Pietro Brigliozzi

 

MONTEFIASCONE – La rupe che si trova sotto la cattedrale di S. Margherita ed ha le sue basi su Via Verentana, difronte al civico ospedale, in Montefiascone, da qualche tempo desta delle preoccupazioni piuttosto serie ma ignorate dalle autorità competenti.

 

Da diverso tempo, infatti, la rupe mostra evidenti segni di degrado con forti ed ampie longitudinali fessure provocate certamente da assestamenti naturali, in considerazione che essa è costituita, per la quasi totalità, da pietrisco di origine vulcanica.
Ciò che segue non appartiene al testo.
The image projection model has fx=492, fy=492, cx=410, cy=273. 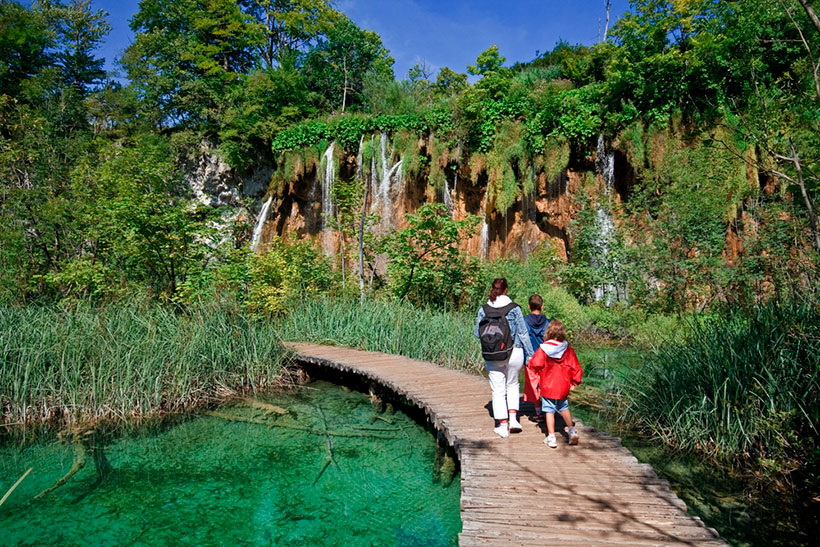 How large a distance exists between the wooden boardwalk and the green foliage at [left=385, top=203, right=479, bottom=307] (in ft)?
20.4

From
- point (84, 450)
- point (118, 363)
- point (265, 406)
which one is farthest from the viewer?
point (265, 406)

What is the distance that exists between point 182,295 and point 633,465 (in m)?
7.98

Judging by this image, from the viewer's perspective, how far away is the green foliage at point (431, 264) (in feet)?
37.8

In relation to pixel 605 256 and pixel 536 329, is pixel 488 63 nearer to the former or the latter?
pixel 605 256

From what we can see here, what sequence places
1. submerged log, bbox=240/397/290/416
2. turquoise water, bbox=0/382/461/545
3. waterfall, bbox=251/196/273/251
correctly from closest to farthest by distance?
turquoise water, bbox=0/382/461/545 → submerged log, bbox=240/397/290/416 → waterfall, bbox=251/196/273/251

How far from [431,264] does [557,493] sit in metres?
8.53

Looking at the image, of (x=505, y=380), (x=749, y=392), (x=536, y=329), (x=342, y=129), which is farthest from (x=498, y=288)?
(x=342, y=129)

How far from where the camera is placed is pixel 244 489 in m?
5.16

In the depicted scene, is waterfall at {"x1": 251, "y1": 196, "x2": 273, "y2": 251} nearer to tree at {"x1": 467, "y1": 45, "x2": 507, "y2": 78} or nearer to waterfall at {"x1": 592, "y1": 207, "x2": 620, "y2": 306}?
tree at {"x1": 467, "y1": 45, "x2": 507, "y2": 78}

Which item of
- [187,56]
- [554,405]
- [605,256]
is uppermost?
[187,56]

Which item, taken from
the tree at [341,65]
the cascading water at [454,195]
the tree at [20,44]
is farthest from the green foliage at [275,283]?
the tree at [20,44]

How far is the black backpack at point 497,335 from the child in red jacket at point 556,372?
297 mm

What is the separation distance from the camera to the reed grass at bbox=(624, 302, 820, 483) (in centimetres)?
446

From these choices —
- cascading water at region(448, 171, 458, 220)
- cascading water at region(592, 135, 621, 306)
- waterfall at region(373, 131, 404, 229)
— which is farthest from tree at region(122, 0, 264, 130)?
cascading water at region(592, 135, 621, 306) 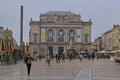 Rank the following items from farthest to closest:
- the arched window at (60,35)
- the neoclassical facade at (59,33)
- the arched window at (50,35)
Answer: the arched window at (60,35) → the arched window at (50,35) → the neoclassical facade at (59,33)

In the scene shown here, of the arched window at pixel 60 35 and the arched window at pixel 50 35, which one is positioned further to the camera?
the arched window at pixel 60 35

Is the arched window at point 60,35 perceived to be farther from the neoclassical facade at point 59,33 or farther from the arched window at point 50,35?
the arched window at point 50,35

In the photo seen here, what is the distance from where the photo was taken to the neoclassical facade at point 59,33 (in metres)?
173

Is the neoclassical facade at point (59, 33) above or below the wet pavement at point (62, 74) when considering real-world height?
above

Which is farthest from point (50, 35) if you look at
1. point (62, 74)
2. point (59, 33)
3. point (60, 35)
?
point (62, 74)

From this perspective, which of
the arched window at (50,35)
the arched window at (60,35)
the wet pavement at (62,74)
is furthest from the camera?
the arched window at (60,35)

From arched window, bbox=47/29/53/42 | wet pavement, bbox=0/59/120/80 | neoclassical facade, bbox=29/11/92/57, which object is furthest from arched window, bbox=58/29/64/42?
wet pavement, bbox=0/59/120/80

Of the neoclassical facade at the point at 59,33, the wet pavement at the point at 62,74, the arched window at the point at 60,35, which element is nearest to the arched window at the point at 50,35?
the neoclassical facade at the point at 59,33

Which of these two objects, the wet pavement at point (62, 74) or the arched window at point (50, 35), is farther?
the arched window at point (50, 35)

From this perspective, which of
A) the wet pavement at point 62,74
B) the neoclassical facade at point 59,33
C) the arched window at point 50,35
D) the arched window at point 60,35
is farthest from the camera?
the arched window at point 60,35

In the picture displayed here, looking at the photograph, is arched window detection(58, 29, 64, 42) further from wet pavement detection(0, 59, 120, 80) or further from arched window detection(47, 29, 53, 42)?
wet pavement detection(0, 59, 120, 80)

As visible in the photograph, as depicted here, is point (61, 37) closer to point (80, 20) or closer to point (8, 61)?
point (80, 20)

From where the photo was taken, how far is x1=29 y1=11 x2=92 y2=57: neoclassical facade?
173375mm

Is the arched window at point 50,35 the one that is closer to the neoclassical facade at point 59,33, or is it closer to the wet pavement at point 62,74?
the neoclassical facade at point 59,33
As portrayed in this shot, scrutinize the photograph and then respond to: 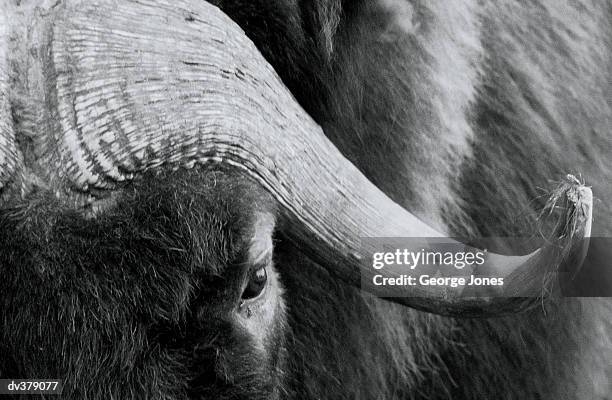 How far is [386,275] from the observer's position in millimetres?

Altro elemento sono le piante, più o meno grandi, che, spontaneamente e caoticamente nate, cresciute e sviluppatesi sul pendio, contribuiscono all’allentamento del terreno già in stato di poca coesione e stabilità essendo completamente vulcanico.

 

Tutto ciò si sta evidenziando da diverso tempo a questa parte con la continua caduta di tozzi di pietrisco che finiscono sulla strada divenendo un grosso pericolo sia per le auto circolanti sia per i pedoni. Detti tozzi, allorché provengono da altezze molto basse rimangono sul lato della carreggiata, quando provengono da altezze più alte si frantumano spargendosi, in tanti pezzi più piccoli, anche sulla carreggiata stessa.

 

Nei tempi passati, ormai sono passati diversi decenni, vennero fatti degli interventi a salvaguardia di tutto ciò con la realizzazione di un muro in pietra in alcuni tratti più pericolosi; oggi quel muro, ove è, si rivela insufficiente, ha necessità di essere ampliato ed esteso anche nei tratti ove è completamente mancante se non si vuol, andare incontro, prima o poi, a qualche serio danno sia alle auto sia ai pedoni che passano in quel tratto di strada.

 

Al di la della pericolosità, che non è assolutamente da sottovalutare, vi un problema anche di immagine per il paese. Una scarpata così trasandata, in un punto così centrale del paese, sul quale si affacciano anche le finestre del civico ospedale, è un vero schiaffo al decoro ed alla buona immagine del centro storico, in considerazione anche che, a distanza di circa centro metri, si pavoneggia l’antica Porta realizzata ed intitolata al grande Pontefice Pio Nono

 

allorché, al tempo dello Stato Pontificio con il più ristretto territorio del Patrimonio di S. Pietro, Montefiascone era l’ultimo paese del suddetto Patrimonio, l’illustre Pontefice venne a far visita alla città.